Gary Cohn, a key architect of former President Trump's 2017 Tax Cuts and Jobs Act, has a new mission. 

"We now need to get people back into the workforce and we need to force people in many respects to re-enter the workforce," Cohn told Yahoo Finance Live.

Cohn said he is worried the current shortage of labor threatens to undermine the ability of American businesses to compete at home and globally. The U.S. Department of Labor's latest JOLTS report showed there are almost 11 million job openings and roughly 8.4 million unemployed people in the United States.

"I think it's a huge issue right now, as you point out, labor demand is far outpacing labor supply," Stifel Chief Economist Lindsey Piegza said. But getting the unemployed back on the job, "it's not going to be a very fast or flip the switch scenario," Piegza added.

Cohn points to recent earnings reports from Darden Restaurants (DRI) and FedEx (FDX) which highlighted labor shortages as an issue impeding their growth. "They're not looking for that skilled of a labor force, they need a labor force that's willing to come to work," he said.

'Stop many of these programs'

Federally funded pandemic related unemployment benefits expired at the beginning of September. But various states have extended eviction moratoriums and other measures, like prohibiting utilities from cutting off service for customers who fall behind on their bills.
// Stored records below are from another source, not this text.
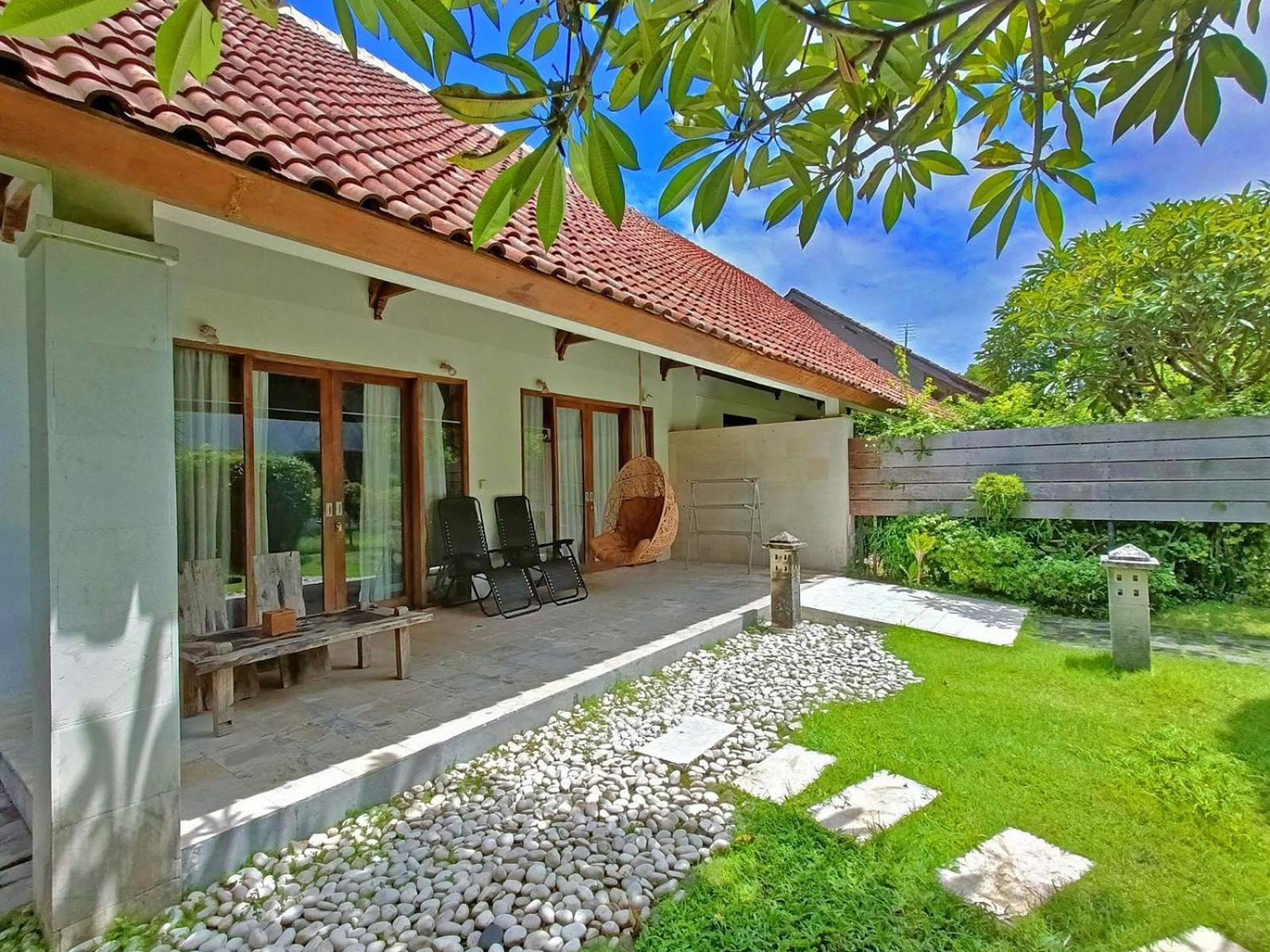 Sayang Taman Villas Sanur Dış mekan fotoğraf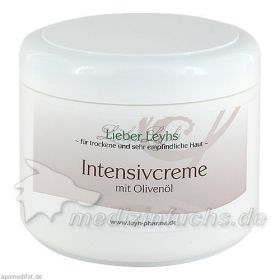 Leyhs Intensivcreme, 500 ML – PZN 2745856 из Германии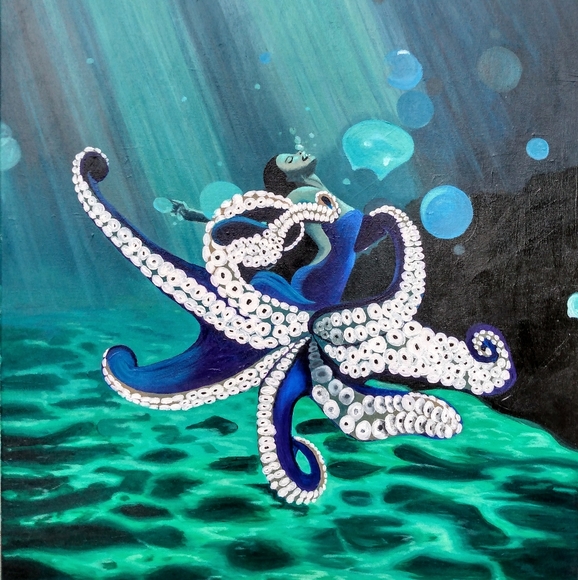 Original artwork/portraits - Picture 6 of 8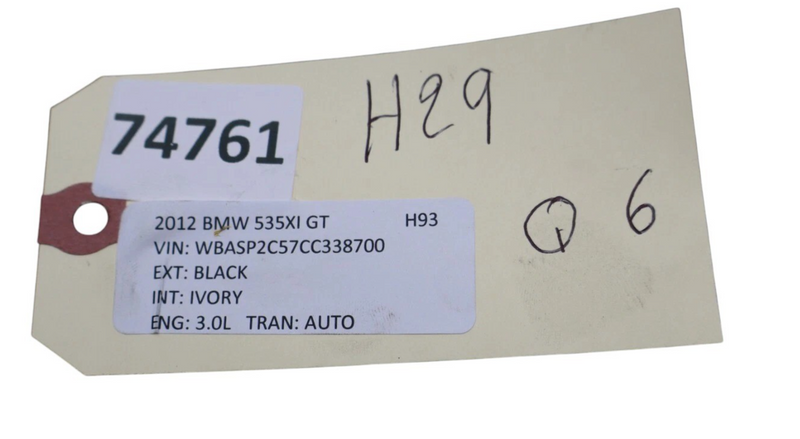Load image into Gallery viewer, 01-22 BMW 535i GT xDrive Engine Ignition Coil Set Of 6 12138616153 Oem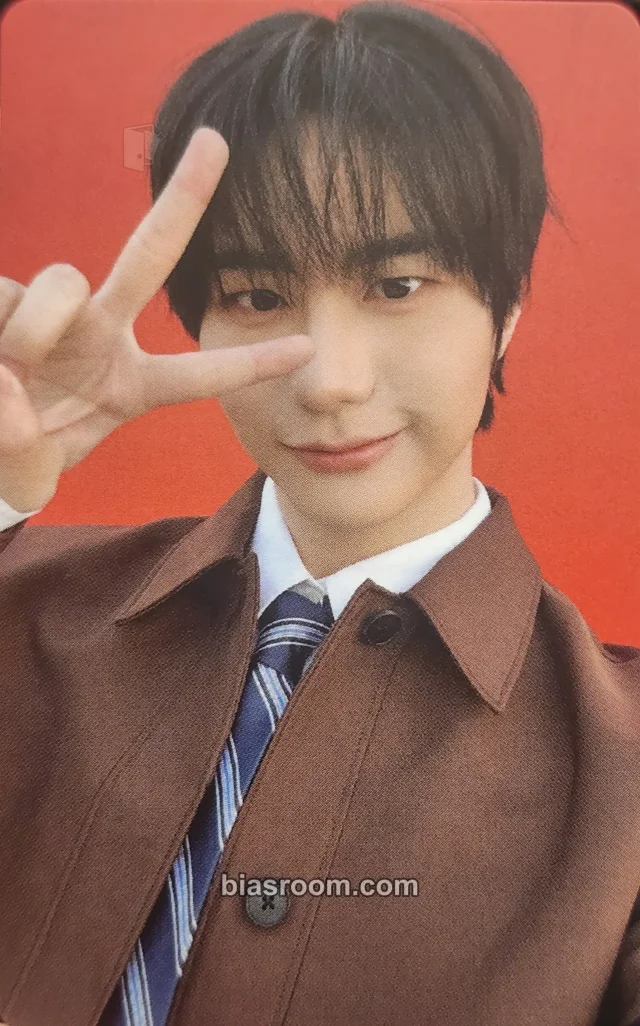 Seungsik  VICTON Seungsik Knock! knock! End of the Year K-pop photocard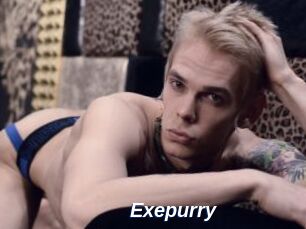 Exepurry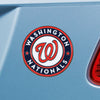 MLB - Washington Nationals 3D Color Metal Emblem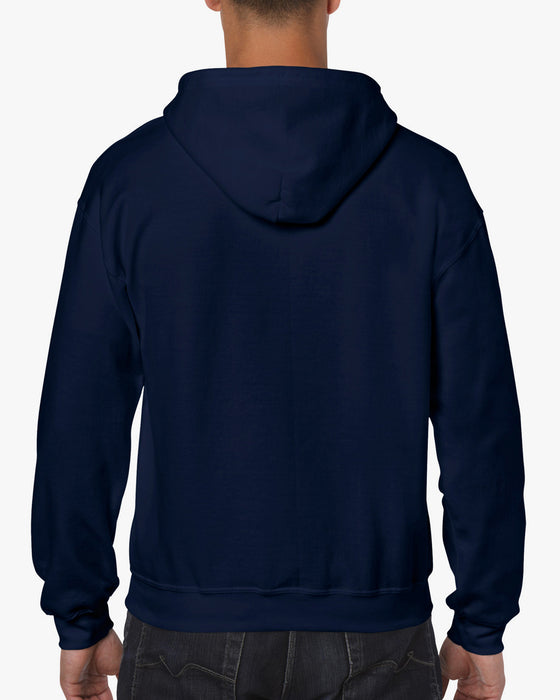 Heavy Blend Adult Full Zip Hooded Sweatshirt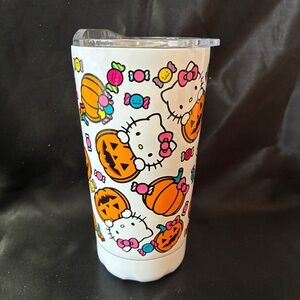 New Sanrio Hello Kitty Halloween Tumbler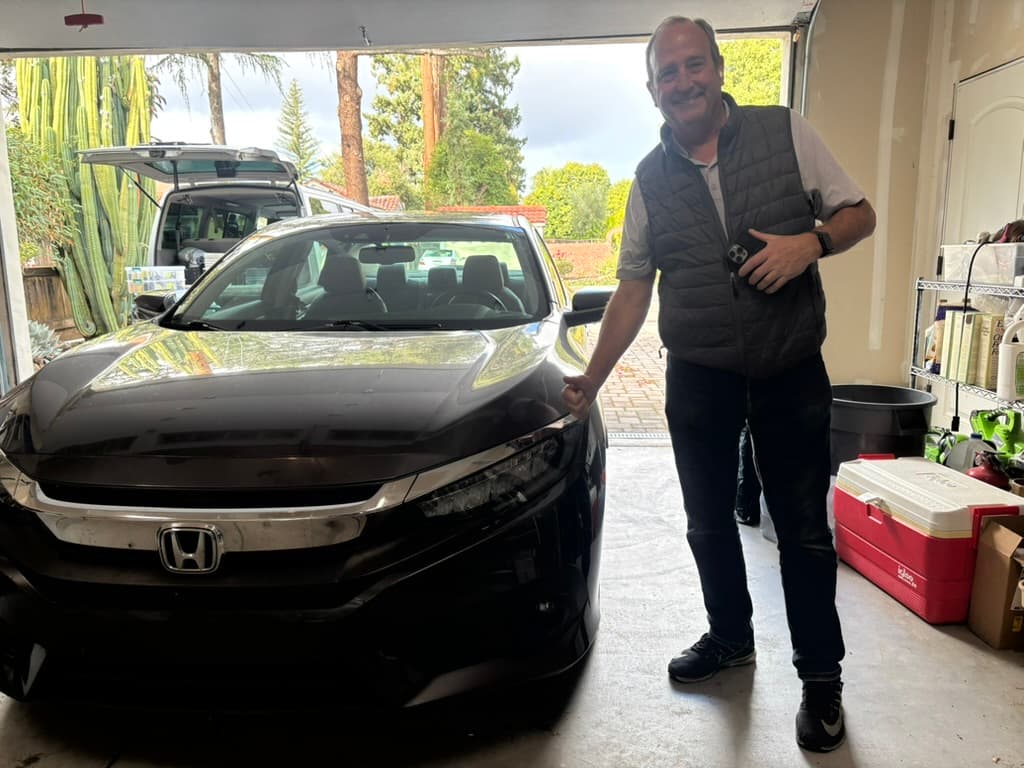 2016 Honda Civic - 5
Democrats in Congress are also planning to introduce legislation to restore and extend COVID-19 unemployment benefits into next year.

"I think we have to stop many of these programs at a high level that are encouraging people to stay home and start encouraging to reenter the workforce," Cohn said.

White House chief economic adviser Gary Cohn speaks during a press briefing at the White House in Washington, U.S., September 28, 2017. REUTERS/Yuri Gripas
White House chief economic adviser Gary Cohn speaks during a press briefing at the White House in Washington, U.S., September 28, 2017. REUTERS/Yuri Gripas

Cohn supported the federal government's initial COVID-19 pandemic response, "giving money to people, allowing people to pay their bills, allowing people to buy food, allowing people to stay in their shelter, and live their lives. That was very important."

But he said the country is now at the other end of the spectrum and the federal government's new policy should be one that, "incentivizes work and doesn't incentivize allowing people or encouraging people to stay at home."

Private business is trying to entice people to work with hiring bonuses and higher wages. But that is contributing to inflation and undercutting the purchasing power of low income workers and those on the sidelines. 

"If you're not entering the workforce, you're not participating in those increased wages. And in fact, you're losing purchasing power because your wages, your subsidies are not inflating with wages today," Cohn said.

Piegza said, "Many Americans have been able to accumulate at least somewhat of a wealth cushion that can carry them forward for some time now, even in the absence of some of these more generous benefits programs, meaning that businesses could still struggle for several months, maybe even to the first of the year before these individuals on the sideline decide to move back into the labor market."

Cohn says hiring bonuses won't solve the problem. "We've got to start talking about how we motivate people back into the labor force and how do we get them back working again?"